Data extracts: Begin

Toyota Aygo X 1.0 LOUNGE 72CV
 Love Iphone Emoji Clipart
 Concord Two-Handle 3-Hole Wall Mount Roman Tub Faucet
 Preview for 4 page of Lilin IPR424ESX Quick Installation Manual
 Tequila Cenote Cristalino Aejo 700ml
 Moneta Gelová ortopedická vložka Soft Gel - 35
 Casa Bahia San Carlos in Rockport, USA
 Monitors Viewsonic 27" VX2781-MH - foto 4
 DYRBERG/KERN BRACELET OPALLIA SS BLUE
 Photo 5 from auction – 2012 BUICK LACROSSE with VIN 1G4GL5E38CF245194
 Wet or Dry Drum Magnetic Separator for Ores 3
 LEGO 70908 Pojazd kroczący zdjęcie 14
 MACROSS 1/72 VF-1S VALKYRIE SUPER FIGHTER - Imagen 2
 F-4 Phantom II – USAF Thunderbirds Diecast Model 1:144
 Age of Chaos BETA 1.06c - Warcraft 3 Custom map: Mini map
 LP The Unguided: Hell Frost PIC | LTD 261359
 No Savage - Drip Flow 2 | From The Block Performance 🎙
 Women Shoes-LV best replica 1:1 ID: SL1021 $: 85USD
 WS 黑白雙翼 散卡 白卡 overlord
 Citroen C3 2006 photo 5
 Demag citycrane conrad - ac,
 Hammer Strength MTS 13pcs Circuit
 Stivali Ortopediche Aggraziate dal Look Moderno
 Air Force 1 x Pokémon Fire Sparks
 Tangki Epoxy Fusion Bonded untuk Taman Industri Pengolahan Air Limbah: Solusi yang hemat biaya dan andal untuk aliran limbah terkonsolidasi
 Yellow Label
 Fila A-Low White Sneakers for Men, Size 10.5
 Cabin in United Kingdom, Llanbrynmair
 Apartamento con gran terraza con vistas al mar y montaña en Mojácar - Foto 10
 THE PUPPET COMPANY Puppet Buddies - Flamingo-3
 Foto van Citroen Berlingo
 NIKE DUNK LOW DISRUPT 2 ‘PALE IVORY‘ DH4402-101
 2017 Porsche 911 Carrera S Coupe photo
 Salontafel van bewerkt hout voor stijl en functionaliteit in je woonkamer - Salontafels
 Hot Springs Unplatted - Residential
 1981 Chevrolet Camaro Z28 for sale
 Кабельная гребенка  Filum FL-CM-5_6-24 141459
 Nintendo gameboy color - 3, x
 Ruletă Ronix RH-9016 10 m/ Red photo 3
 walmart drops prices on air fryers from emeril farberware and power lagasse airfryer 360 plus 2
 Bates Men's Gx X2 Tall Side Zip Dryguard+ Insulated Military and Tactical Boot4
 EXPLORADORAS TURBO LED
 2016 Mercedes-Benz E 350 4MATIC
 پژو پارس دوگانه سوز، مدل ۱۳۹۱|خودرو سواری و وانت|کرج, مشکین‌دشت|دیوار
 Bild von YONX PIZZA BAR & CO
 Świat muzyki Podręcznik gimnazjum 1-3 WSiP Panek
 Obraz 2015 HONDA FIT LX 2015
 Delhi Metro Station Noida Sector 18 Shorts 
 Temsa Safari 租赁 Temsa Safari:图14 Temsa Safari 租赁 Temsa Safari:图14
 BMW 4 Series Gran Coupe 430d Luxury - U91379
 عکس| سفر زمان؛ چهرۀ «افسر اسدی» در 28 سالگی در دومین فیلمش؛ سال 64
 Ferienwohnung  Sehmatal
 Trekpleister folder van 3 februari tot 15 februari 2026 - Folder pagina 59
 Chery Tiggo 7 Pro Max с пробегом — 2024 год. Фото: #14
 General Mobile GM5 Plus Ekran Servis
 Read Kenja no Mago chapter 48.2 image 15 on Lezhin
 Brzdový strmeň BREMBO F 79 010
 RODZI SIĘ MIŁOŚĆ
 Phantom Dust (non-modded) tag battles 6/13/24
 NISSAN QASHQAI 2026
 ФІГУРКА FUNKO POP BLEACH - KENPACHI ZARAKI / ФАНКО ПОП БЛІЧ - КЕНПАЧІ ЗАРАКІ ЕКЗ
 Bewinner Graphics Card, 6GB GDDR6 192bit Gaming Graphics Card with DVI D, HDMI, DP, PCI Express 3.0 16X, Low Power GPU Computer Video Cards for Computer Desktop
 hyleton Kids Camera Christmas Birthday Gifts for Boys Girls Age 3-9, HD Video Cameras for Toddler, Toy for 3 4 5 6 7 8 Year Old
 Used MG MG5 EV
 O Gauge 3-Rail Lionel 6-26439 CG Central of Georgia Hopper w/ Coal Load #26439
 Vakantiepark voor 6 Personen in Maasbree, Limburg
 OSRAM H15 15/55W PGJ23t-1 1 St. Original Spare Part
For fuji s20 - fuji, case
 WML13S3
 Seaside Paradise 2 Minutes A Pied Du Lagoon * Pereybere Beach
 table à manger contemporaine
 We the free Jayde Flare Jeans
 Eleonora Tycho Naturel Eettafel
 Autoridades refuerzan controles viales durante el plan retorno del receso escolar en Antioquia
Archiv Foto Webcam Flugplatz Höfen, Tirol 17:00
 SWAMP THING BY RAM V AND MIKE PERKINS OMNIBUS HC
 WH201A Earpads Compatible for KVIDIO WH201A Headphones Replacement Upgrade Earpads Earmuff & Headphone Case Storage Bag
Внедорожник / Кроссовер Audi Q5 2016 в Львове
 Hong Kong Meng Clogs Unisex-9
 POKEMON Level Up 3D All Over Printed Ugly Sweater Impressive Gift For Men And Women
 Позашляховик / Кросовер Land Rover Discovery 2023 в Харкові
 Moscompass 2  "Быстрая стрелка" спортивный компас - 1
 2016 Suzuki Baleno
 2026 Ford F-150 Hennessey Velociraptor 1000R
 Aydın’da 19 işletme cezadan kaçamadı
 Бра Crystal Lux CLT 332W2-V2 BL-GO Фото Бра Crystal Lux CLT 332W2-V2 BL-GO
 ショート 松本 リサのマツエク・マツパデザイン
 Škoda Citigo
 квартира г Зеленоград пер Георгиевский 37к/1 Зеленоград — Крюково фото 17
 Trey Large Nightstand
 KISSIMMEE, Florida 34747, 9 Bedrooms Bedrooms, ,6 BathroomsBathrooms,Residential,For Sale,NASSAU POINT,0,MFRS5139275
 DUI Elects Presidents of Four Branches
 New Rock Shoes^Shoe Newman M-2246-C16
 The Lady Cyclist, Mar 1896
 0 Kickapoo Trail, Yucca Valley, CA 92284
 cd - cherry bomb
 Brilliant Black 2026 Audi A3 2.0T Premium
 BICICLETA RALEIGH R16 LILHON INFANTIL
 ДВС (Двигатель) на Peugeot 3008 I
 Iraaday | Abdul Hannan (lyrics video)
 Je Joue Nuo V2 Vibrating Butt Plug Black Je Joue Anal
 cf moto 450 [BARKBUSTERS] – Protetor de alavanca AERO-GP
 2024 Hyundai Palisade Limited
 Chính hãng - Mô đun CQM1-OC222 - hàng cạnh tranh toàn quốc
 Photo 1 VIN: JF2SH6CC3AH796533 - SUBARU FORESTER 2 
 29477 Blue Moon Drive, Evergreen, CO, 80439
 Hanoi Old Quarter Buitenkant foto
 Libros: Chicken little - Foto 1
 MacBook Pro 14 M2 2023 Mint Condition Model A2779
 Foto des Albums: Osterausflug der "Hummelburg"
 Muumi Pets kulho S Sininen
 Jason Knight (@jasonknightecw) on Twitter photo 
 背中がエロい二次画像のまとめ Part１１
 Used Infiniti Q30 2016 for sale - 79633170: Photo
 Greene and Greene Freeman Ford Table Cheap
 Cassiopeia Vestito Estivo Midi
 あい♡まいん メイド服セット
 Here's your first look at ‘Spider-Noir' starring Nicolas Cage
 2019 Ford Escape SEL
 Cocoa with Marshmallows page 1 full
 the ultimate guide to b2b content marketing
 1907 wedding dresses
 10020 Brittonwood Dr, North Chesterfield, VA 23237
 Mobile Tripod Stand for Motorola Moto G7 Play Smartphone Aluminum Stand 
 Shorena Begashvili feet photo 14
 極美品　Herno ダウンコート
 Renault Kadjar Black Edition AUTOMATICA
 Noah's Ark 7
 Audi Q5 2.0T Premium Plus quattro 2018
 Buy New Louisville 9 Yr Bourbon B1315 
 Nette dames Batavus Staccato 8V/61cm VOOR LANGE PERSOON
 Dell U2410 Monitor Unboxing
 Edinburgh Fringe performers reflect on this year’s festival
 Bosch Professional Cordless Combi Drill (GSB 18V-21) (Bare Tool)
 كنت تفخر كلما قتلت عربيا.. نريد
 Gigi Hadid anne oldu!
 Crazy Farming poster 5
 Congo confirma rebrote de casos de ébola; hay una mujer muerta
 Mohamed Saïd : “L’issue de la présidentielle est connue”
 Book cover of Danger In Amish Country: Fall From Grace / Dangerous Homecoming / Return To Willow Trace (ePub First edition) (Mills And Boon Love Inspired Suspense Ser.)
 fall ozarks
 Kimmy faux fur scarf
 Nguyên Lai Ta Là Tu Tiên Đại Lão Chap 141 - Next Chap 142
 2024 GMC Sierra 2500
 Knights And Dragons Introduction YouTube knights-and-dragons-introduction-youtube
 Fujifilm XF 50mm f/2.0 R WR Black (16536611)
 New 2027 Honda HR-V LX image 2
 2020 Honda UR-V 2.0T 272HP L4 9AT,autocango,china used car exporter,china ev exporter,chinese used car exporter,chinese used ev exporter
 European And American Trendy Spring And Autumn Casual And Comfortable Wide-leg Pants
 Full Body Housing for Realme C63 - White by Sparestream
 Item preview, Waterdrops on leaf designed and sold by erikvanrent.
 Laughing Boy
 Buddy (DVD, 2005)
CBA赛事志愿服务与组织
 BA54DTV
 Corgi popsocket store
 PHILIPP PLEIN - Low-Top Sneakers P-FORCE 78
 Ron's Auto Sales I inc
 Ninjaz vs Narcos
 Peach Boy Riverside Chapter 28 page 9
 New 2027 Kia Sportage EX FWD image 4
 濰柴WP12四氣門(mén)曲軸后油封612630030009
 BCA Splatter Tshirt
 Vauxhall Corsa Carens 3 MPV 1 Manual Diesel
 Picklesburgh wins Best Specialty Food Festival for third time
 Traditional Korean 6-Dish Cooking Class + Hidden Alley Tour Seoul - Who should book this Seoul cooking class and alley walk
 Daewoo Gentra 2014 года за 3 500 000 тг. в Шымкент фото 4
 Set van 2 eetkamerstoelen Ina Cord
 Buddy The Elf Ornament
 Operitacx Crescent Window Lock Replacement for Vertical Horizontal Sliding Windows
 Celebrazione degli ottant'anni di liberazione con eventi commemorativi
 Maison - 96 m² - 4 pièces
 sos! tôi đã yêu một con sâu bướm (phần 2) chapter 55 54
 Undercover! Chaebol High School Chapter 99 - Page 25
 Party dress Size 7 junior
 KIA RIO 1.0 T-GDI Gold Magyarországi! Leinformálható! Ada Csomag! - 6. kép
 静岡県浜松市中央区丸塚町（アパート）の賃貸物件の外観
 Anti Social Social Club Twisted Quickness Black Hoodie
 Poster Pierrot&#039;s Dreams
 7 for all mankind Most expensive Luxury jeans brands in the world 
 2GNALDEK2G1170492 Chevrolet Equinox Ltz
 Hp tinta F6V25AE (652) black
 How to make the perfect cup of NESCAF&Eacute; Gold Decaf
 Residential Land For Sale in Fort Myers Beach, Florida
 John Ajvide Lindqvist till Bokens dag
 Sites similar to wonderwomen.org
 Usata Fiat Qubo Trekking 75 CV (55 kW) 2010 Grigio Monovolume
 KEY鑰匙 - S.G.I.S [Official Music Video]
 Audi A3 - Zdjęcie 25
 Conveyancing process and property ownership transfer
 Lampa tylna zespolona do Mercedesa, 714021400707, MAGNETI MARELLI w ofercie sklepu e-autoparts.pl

Data extracts: End

→ **Task instructions**
Starting at the first line of the records, print each line exactly, stopping after the line that contains "Demag citycrane conrad".

→ **Output below**
Toyota Aygo X 1.0 LOUNGE 72CV
 Love Iphone Emoji Clipart
 Concord Two-Handle 3-Hole Wall Mount Roman Tub Faucet
 Preview for 4 page of Lilin IPR424ESX Quick Installation Manual
 Tequila Cenote Cristalino Aejo 700ml
 Moneta Gelová ortopedická vložka Soft Gel - 35
 Casa Bahia San Carlos in Rockport, USA
 Monitors Viewsonic 27" VX2781-MH - foto 4
 DYRBERG/KERN BRACELET OPALLIA SS BLUE
 Photo 5 from auction – 2012 BUICK LACROSSE with VIN 1G4GL5E38CF245194
 Wet or Dry Drum Magnetic Separator for Ores 3
 LEGO 70908 Pojazd kroczący zdjęcie 14
 MACROSS 1/72 VF-1S VALKYRIE SUPER FIGHTER - Imagen 2
 F-4 Phantom II – USAF Thunderbirds Diecast Model 1:144
 Age of Chaos BETA 1.06c - Warcraft 3 Custom map: Mini map
 LP The Unguided: Hell Frost PIC | LTD 261359
 No Savage - Drip Flow 2 | From The Block Performance 🎙
 Women Shoes-LV best replica 1:1 ID: SL1021 $: 85USD
 WS 黑白雙翼 散卡 白卡 overlord
 Citroen C3 2006 photo 5
 Demag citycrane conrad - ac,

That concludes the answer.